Serious Moves On Iran Diplomacy

In a major potential shift that bodes extremely well for an amicable resolution to strained US-Iranian relations, David Sanger reports that the Obama Administration, unlike its predecessor, will not demand the full result of negotiation BEFORE negotiating.

The Obama administration and its European allies are preparing proposals that would shift strategy toward Iran by dropping a longstanding American insistence that Tehran rapidly shut down nuclear facilities during the early phases of negotiations over its atomic program, according to officials involved in the discussions.

The proposals, exchanged in confidential strategy sessions with European allies, would press Tehran to open up its nuclear program gradually to wide-ranging inspection. But the proposals would also allow Iran to continue enriching uranium for some period during the talks. That would be a sharp break from the approach taken by the Bush administration, which had demanded that Iran halt its enrichment activities, at least briefly to initiate negotiations.

The proposals under consideration would go somewhat beyond President Obama’s promise, during the presidential campaign, to open negotiations with Iran “without preconditions.” Officials involved in the discussion said they were being fashioned to draw Iran into nuclear talks that it had so far shunned.

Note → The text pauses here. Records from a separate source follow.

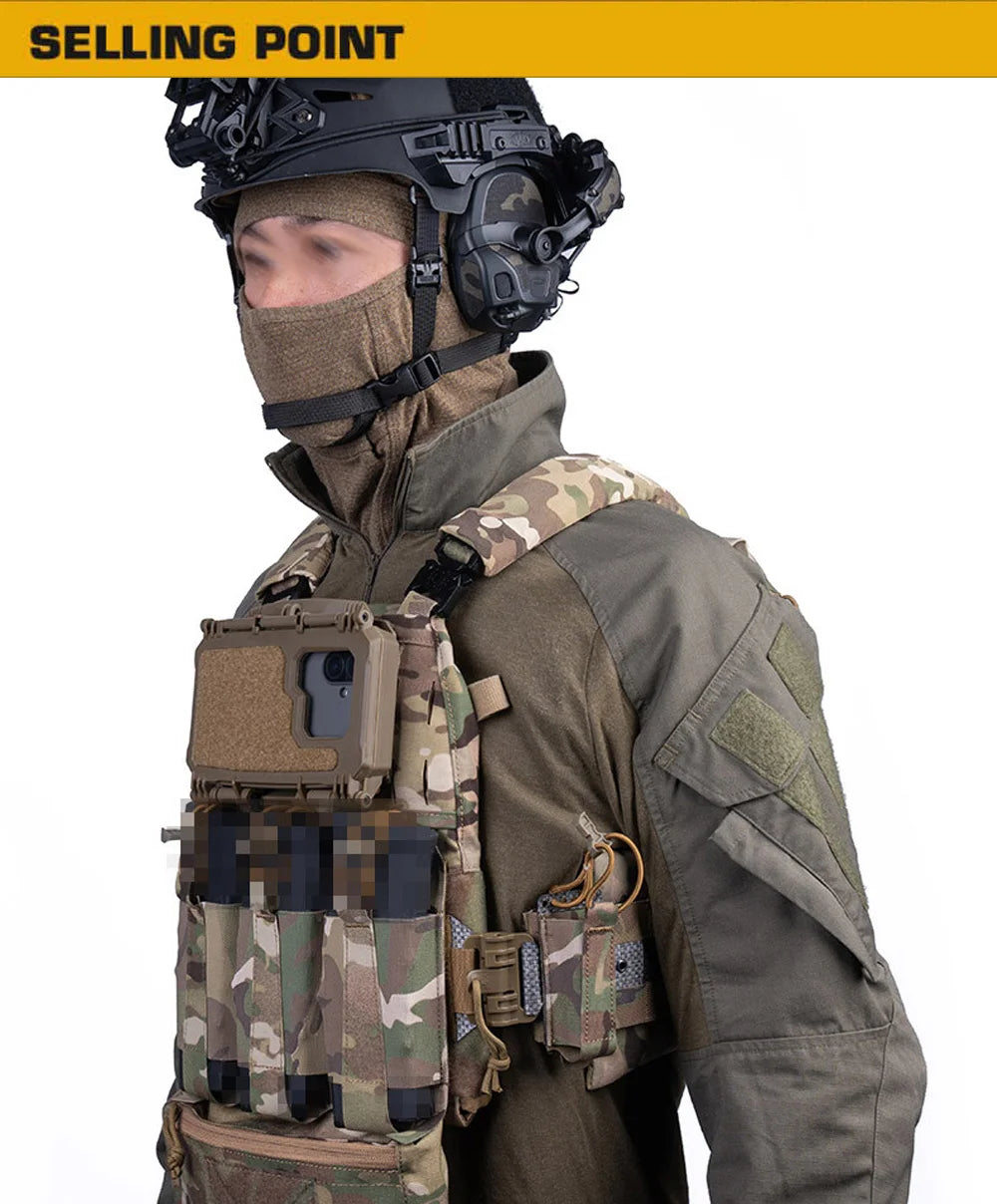 Tactical Phone Pouch Pro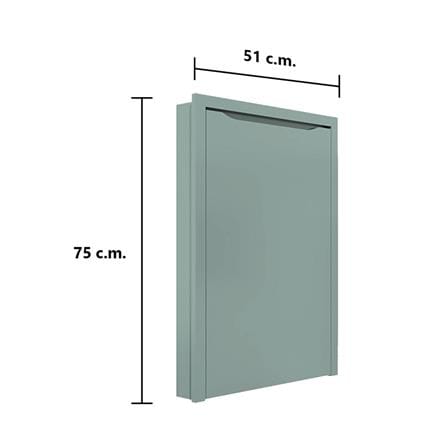 บานถังแก๊ส MJ ECO 75x51 ซม. สี SEA SALT_4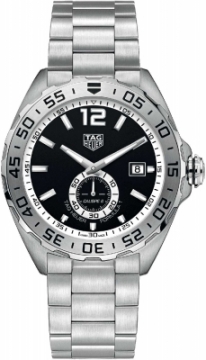 Buy this new Tag Heuer Formula 1 Automatic 43mm waz2012.ba0842 mens watch for the discount price of £1,275.00. UK Retailer.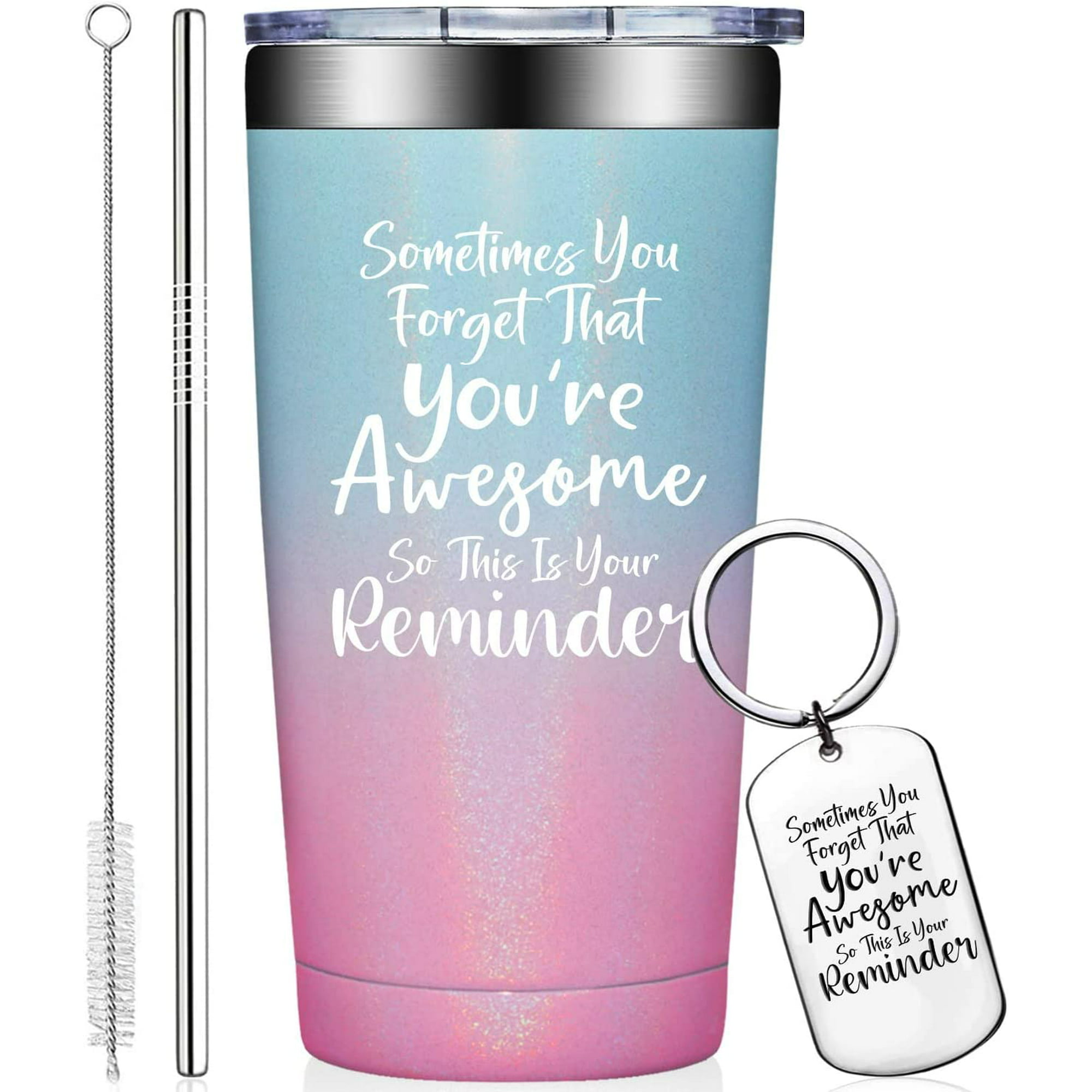 Inspirational Gifts for Women - Thank You Gifts for Women, Funny Christmas,  Birthday Gifts for Best Friends Female, Coworker, Employee, Daughter, Boss  - Insulated Tumbler Mug Cup Tumbler 20oz | Walmart Canada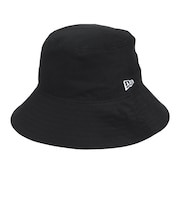 ニューエラ(NEW ERA)帽子 バケット03 ベーシック ノンウォッシュコットン 14524824 バケハ 57cm-59cm 黒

Sanger is actually hedging a bit too much here. The Bush Administration did not call for a halt to Iranian enrichment "briefly." They consistently called for a verifiable end to enrichment as a condition of talks, which were supposed to be about enrichment. In other words, this was like a contract negotiation where you ask for a million dollars up-front, before sitting down to talk about whether or not you get a million dollars. It was a negotiation fated never to begin, as nobody would be so stupid as to give away their entire bargaining power prior to bargaining. This gesture by Obama shows the Iranians that he's actually serious about diplomacy and engagement. As Mohamed ElBaradei of the IAEA puts it:

Mohamed ElBaradei, the director general of the United Nations’ International Atomic Energy Agency, whose inspectors would be a critical part of the strategy, said in an interview in his office in Vienna last week that the Obama administration had not consulted him on the details of a new strategy. But he was blistering about the approach that the Bush administration had taken.

“It was a ridiculous approach,” he insisted. “They thought that if you threatened enough and pounded the table and sent Cheney off to act like Darth Vader the Iranians would just stop,” Dr. ElBaradei said, shaking his head. “If the goal was to make sure that Iran would not have the knowledge and the capability to manufacture nuclear fuel, we had a policy that was a total failure.”

Now, he contended, Mr. Obama has little choice but to accept the reality that Iran has “built 5,500 centrifuges,” nearly enough to make two weapons’ worth of uranium each year. “You have to design an approach that is sensitive to Iran’s pride,” said Dr. ElBaradei, who has long argued in favor of allowing Iran to continue with a small, face-saving capacity to enrich nuclear fuel, under strict inspection.


Obama has a larger goal than "looking tough" to Iran or making belligerent statements in the media. He wants to eradicate nuclear weapons from this planet. And pursuing strategies that have no hope of working frustrates that goal. And reaching an accommodation with Iran, by contrast, would be a major step.

For the time being, even cynical realists might recognize that Obama’s endorsement of the goal of abolition enhances America’s negotiating position within the nonproliferation system without imposing any practical constraints on American power. In fact, the Prague speech was not especially notable for its idealism; its significance lies in Obama’s comprehensive, pragmatic accounting of the nuclear-diplomacy mess that he was handed by his predecessor [...]

It may be impossible to prevent nuclear gridlock in the Middle East. Under an umbrella of Russian protection, Iran does not fear speeches. Still, it is inarguably in the United States’ interests to employ aggressive and creative diplomacy to attempt to revise Tehran’s perception of the costs and benefits of its nuclear program. Obama understands what is at stake: Iranian recalcitrance, he said, could produce “a potential nuclear-arms race in the region that will increase insecurity for all.” Last Wednesday, Secretary of State Hillary Clinton joined a European-led initiative to re-start nuclear negotiations with Tehran. In a reversal of Bush Administration policy, she said that the United States would be a “full participant” in the talks.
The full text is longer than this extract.